IIRC they also have a snack menu on the bar.


----------



## NormStrm (Sep 6, 2003)

scoTTy said:


> Does anyone that's going have a vernier gauge?
> 
> I've removed some disks but I need to measure the remaining thickness.
> 
> Fingers crossed. :?


Paul

Would be best to use a micrometer as it is more a G shape rather than the vernier which picks up the edge of the disc. Anyway should have one in the garage (1" / 25mm) so as long as they are not too thick will be OK.

Norman


----------



## jedi-knight83 (Mar 19, 2004)

looks like a good turn out this month. I really want to come to this and meet you guys and see the cars. I'll do my best this week.


----------



## Mayur (Jan 29, 2004)

Norm, I get back to the UK on Tuesday so the 17th should be fine... I'm going to do my best to make the meet. Would be terrific to meet old chums and new.


----------



## NormStrm (Sep 6, 2003)

jedi-knight83 said:


> looks like a good turn out this month. I really want to come to this and meet you guys and see the cars. I'll do my best this week.

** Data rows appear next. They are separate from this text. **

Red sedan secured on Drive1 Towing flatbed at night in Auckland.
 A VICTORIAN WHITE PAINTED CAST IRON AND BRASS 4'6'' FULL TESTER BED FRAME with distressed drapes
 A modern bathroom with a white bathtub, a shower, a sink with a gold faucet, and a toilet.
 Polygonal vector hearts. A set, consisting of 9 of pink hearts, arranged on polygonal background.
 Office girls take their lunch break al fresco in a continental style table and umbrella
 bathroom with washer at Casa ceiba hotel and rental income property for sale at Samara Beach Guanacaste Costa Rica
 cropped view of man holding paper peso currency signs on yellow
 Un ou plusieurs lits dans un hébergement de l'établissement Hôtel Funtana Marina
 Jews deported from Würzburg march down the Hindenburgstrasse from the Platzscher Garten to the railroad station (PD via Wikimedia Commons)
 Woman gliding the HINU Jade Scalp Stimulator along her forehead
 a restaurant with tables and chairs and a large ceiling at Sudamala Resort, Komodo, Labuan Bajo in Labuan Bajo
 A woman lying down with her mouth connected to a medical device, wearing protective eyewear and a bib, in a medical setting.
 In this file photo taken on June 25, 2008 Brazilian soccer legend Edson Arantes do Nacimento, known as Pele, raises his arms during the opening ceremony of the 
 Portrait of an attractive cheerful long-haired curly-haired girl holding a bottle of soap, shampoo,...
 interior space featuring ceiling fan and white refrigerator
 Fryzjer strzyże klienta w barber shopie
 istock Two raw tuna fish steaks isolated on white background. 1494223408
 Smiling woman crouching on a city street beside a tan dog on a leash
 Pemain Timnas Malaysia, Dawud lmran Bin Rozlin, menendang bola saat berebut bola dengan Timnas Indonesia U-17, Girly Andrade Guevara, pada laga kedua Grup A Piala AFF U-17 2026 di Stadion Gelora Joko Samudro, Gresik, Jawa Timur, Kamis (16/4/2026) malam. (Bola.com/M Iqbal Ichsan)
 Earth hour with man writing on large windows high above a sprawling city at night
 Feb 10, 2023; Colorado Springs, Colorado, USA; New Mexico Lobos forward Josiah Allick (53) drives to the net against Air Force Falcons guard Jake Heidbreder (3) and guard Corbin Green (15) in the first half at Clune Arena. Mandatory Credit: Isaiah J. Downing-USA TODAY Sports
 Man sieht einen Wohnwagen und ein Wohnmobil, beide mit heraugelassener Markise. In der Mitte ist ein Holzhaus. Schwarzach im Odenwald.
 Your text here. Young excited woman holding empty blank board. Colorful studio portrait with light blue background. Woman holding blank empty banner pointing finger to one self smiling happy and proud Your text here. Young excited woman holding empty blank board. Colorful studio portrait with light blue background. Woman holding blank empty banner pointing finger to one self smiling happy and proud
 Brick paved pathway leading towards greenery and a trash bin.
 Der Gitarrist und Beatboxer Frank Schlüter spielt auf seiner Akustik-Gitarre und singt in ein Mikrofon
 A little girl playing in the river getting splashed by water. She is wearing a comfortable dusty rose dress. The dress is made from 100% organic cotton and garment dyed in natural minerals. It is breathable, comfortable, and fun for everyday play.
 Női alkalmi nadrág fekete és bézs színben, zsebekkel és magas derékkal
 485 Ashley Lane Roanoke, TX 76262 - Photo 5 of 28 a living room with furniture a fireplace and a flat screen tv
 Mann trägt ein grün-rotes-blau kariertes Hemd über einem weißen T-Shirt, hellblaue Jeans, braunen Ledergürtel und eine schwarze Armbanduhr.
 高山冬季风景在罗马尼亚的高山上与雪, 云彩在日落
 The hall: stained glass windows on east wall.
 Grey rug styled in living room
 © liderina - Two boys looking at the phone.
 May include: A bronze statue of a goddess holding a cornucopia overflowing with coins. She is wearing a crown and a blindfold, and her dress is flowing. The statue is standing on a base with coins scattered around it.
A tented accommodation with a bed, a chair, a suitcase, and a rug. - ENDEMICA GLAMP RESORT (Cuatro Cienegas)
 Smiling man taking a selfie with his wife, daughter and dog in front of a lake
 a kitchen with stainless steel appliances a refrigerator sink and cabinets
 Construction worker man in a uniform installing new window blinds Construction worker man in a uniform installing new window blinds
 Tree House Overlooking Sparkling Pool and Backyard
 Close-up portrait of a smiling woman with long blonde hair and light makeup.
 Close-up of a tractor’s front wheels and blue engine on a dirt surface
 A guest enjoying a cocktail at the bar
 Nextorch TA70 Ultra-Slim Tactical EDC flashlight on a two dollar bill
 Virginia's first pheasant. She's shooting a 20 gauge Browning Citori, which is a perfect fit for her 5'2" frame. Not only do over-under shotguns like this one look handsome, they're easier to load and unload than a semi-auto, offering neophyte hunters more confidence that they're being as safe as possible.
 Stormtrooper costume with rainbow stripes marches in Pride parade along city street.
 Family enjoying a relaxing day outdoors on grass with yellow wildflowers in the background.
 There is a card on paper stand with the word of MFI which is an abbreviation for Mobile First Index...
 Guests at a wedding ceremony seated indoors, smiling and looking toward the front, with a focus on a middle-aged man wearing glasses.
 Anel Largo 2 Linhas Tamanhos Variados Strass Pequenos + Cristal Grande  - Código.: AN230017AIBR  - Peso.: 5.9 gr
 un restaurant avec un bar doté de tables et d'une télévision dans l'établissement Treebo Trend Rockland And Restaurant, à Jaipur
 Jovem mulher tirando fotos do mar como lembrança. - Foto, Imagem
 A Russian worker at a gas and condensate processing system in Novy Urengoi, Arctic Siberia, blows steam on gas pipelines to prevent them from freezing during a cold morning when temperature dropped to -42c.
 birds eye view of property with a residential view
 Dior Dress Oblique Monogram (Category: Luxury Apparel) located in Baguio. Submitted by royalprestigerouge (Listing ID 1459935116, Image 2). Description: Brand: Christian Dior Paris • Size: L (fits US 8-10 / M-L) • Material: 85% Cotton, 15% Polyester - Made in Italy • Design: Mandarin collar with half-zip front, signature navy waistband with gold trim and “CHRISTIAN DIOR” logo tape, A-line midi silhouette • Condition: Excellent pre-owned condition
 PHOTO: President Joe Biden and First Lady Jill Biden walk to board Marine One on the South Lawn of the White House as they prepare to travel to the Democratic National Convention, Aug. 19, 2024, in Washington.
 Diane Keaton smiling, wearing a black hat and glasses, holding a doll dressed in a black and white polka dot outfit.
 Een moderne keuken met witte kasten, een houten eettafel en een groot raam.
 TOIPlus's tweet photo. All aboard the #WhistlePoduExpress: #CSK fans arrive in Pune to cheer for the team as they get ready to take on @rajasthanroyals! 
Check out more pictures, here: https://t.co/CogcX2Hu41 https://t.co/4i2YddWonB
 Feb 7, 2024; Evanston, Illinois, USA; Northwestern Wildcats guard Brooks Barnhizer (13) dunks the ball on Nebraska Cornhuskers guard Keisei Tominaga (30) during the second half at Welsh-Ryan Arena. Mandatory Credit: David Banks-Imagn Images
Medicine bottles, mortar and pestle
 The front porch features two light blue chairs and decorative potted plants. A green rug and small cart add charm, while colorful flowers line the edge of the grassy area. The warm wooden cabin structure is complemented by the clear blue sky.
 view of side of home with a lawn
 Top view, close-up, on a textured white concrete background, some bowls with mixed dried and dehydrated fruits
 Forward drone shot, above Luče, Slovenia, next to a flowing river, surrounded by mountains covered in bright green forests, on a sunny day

Certainly looking to be a good meet, will be great if you can join us.


----------



## phodge (Sep 1, 2002)

We'll come along, but might not be there til nearer 8-ish if that's OK.


----------



## NaughTTy (Jul 9, 2003)

phodge said:


> We'll come along, but might not be there til nearer 8-ish if that's OK.


Bucks meet meets Kneesworth meet  

Norm, you're right this is looking like a really good turn-out  Looking forward to seeing all the old regulars and some newbies too 8)

I'll try to get to Gravely for 7:10 ish for those wanting to meet up there.


----------



## NormStrm (Sep 6, 2003)

phodge said:


> We'll come along, but might not be there til nearer 8-ish if that's OK.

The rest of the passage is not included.